(Stored data)
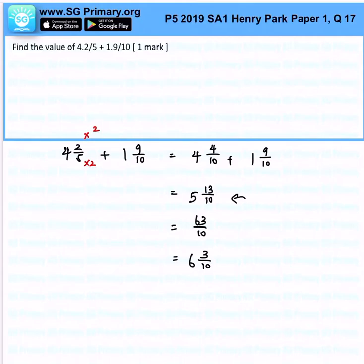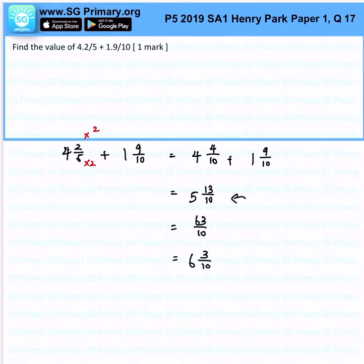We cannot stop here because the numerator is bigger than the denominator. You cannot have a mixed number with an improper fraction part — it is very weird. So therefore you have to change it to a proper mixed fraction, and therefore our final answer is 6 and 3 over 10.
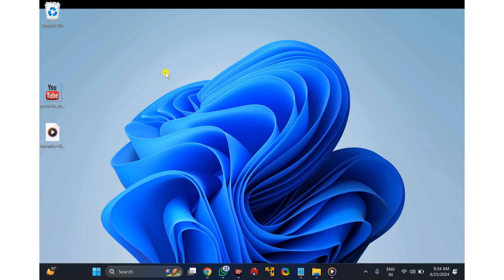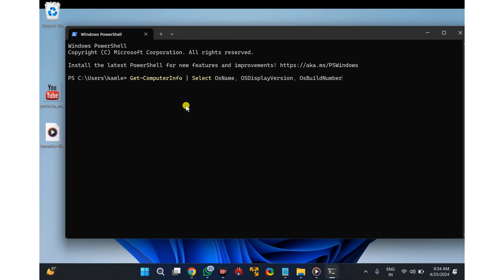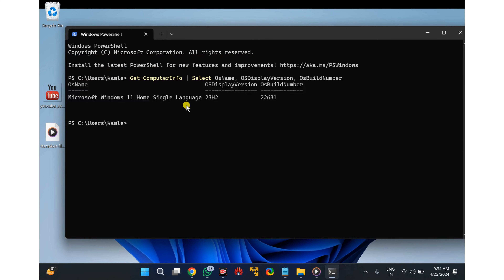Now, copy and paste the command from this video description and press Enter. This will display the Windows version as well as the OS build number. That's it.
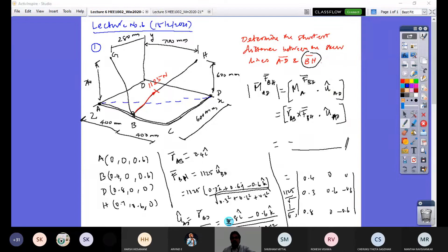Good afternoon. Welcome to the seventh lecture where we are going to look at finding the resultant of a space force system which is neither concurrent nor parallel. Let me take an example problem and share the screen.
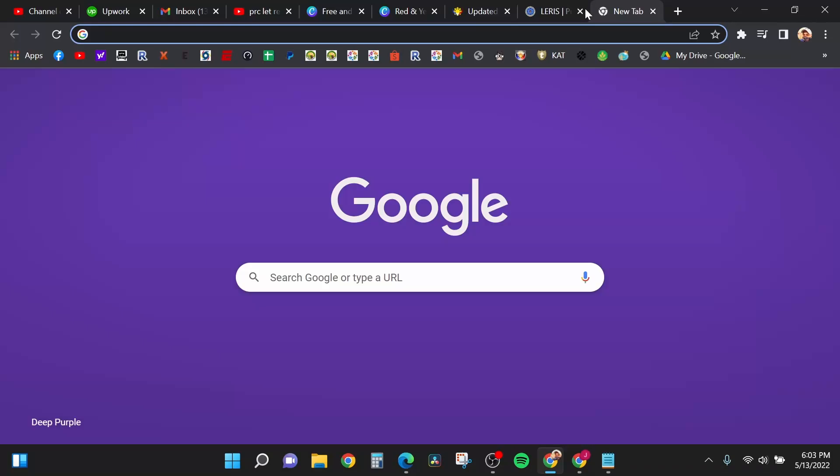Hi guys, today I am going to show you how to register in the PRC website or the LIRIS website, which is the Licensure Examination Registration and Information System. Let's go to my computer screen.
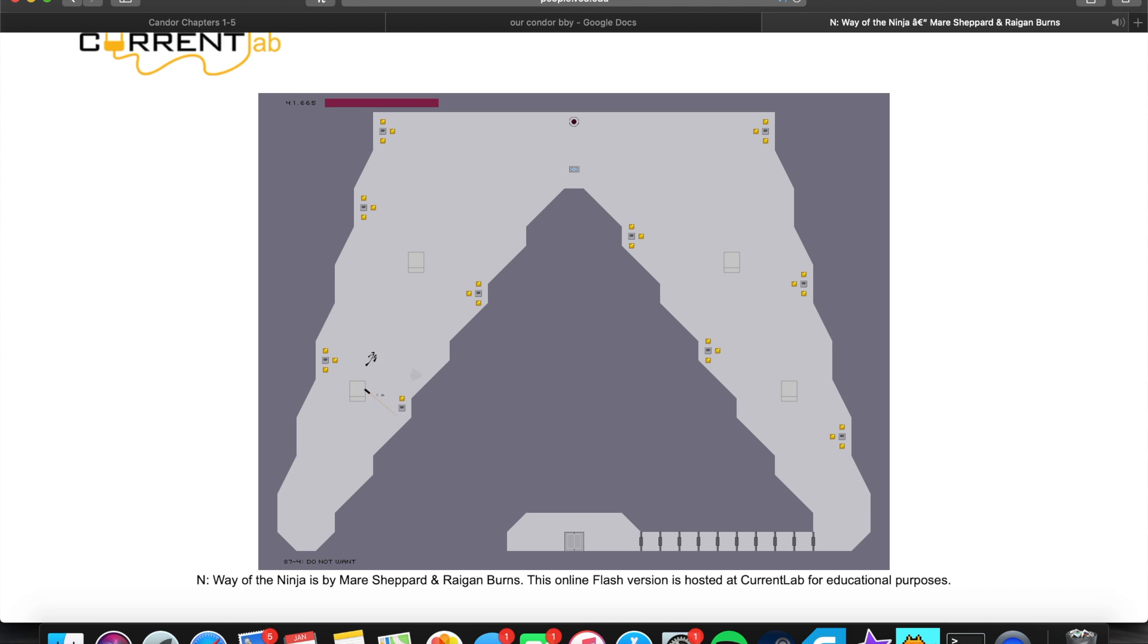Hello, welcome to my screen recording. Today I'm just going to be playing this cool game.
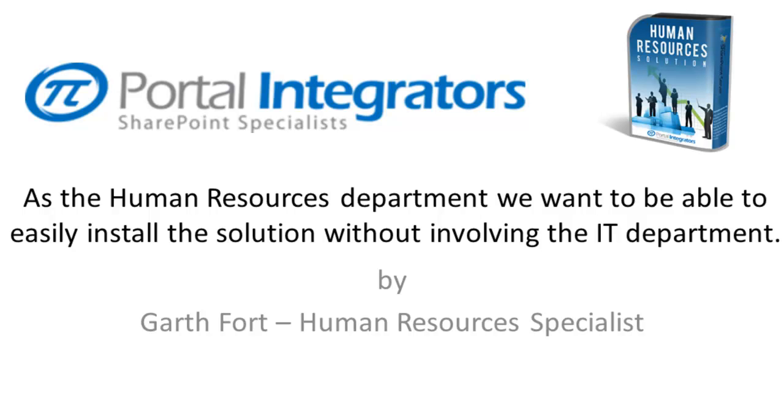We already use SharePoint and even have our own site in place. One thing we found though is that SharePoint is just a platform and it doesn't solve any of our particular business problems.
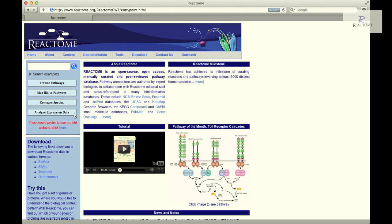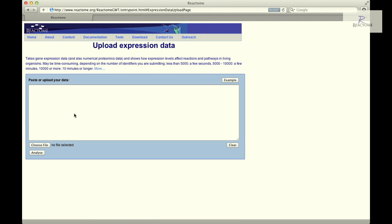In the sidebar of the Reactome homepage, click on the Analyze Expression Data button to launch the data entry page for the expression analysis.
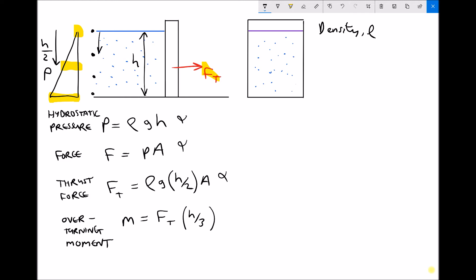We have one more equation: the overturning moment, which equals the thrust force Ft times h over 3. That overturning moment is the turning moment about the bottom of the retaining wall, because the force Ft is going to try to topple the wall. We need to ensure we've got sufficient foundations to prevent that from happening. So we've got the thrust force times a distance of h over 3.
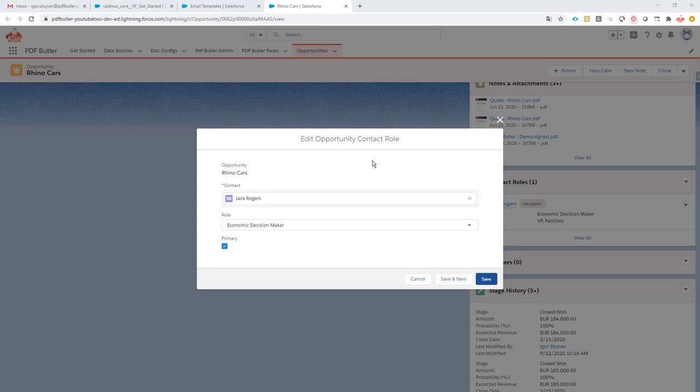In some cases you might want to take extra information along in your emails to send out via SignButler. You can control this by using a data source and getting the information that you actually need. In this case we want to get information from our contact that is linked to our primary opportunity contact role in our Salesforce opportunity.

> **What this task involves**: With the pictures left out, output all the entries exactly.

> **Exercise output**:
We cannot stop here because the numerator is bigger than the denominator. You cannot have a mixed number with an improper fraction part — it is very weird. So therefore you have to change it to a proper mixed fraction, and therefore our final answer is 6 and 3 over 10.
Now, copy and paste the command from this video description and press Enter. This will display the Windows version as well as the OS build number. That's it.
Good afternoon. Welcome to the seventh lecture where we are going to look at finding the resultant of a space force system which is neither concurrent nor parallel. Let me take an example problem and share the screen.
Hi guys, today I am going to show you how to register in the PRC website or the LIRIS website, which is the Licensure Examination Registration and Information System. Let's go to my computer screen.
Hello, welcome to my screen recording. Today I'm just going to be playing this cool game.
We already use SharePoint and even have our own site in place. One thing we found though is that SharePoint is just a platform and it doesn't solve any of our particular business problems.
In the sidebar of the Reactome homepage, click on the Analyze Expression Data button to launch the data entry page for the expression analysis.
We have one more equation: the overturning moment, which equals the thrust force Ft times h over 3. That overturning moment is the turning moment about the bottom of the retaining wall, because the force Ft is going to try to topple the wall. We need to ensure we've got sufficient foundations to prevent that from happening. So we've got the thrust force times a distance of h over 3.
In some cases you might want to take extra information along in your emails to send out via SignButler. You can control this by using a data source and getting the information that you actually need. In this case we want to get information from our contact that is linked to our primary opportunity contact role in our Salesforce opportunity.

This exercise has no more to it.